Take the line with "This Miami Home" and every line after it in the data. Transcribe them exactly, through the last.

--- Stored entries ---
_____
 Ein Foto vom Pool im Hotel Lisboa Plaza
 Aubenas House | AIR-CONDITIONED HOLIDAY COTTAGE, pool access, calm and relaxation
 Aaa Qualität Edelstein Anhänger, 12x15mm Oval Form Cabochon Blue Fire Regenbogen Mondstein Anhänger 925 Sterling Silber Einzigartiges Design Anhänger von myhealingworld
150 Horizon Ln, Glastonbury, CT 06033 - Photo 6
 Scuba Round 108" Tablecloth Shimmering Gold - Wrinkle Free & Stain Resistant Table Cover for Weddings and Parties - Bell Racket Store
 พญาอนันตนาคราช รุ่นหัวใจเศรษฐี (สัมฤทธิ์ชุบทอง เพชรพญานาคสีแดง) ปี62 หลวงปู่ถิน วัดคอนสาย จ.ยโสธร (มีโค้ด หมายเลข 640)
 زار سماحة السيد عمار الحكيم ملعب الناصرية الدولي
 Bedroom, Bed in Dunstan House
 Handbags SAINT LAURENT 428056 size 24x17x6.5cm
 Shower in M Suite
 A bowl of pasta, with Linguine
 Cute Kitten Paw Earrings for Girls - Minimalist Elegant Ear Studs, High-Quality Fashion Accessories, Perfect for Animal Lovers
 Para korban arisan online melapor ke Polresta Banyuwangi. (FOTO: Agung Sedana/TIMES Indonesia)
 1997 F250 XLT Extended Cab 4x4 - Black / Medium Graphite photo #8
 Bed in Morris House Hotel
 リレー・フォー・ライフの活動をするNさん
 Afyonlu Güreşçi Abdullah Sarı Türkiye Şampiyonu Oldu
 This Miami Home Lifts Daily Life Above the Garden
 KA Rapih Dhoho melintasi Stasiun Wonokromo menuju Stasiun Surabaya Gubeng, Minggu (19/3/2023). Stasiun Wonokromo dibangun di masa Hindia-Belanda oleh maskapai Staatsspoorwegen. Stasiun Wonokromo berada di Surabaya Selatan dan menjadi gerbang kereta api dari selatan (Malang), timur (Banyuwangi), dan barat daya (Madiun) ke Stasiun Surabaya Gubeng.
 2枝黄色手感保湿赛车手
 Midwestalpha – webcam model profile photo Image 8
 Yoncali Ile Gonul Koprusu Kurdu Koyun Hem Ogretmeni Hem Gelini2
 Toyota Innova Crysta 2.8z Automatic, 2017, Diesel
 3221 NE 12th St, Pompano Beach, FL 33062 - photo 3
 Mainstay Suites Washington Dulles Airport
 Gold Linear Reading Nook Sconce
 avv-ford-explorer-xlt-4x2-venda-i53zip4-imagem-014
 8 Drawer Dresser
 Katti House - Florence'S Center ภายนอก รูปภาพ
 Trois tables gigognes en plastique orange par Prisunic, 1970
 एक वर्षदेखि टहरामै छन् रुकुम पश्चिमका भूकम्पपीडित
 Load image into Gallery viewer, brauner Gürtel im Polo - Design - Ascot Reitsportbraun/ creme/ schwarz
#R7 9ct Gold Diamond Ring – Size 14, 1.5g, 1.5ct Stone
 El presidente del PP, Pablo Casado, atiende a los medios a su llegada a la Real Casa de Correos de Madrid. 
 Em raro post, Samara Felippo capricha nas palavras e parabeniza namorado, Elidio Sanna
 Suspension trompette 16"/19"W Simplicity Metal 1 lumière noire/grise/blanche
_____
--- Answer ---
 This Miami Home Lifts Daily Life Above the Garden
 KA Rapih Dhoho melintasi Stasiun Wonokromo menuju Stasiun Surabaya Gubeng, Minggu (19/3/2023). Stasiun Wonokromo dibangun di masa Hindia-Belanda oleh maskapai Staatsspoorwegen. Stasiun Wonokromo berada di Surabaya Selatan dan menjadi gerbang kereta api dari selatan (Malang), timur (Banyuwangi), dan barat daya (Madiun) ke Stasiun Surabaya Gubeng.
 2枝黄色手感保湿赛车手
 Midwestalpha – webcam model profile photo Image 8
 Yoncali Ile Gonul Koprusu Kurdu Koyun Hem Ogretmeni Hem Gelini2
 Toyota Innova Crysta 2.8z Automatic, 2017, Diesel
 3221 NE 12th St, Pompano Beach, FL 33062 - photo 3
 Mainstay Suites Washington Dulles Airport
 Gold Linear Reading Nook Sconce
 avv-ford-explorer-xlt-4x2-venda-i53zip4-imagem-014
 8 Drawer Dresser
 Katti House - Florence'S Center ภายนอก รูปภาพ
 Trois tables gigognes en plastique orange par Prisunic, 1970
 एक वर्षदेखि टहरामै छन् रुकुम पश्चिमका भूकम्पपीडित
 Load image into Gallery viewer, brauner Gürtel im Polo - Design - Ascot Reitsportbraun/ creme/ schwarz
#R7 9ct Gold Diamond Ring – Size 14, 1.5g, 1.5ct Stone
 El presidente del PP, Pablo Casado, atiende a los medios a su llegada a la Real Casa de Correos de Madrid. 
 Em raro post, Samara Felippo capricha nas palavras e parabeniza namorado, Elidio Sanna
 Suspension trompette 16"/19"W Simplicity Metal 1 lumière noire/grise/blanche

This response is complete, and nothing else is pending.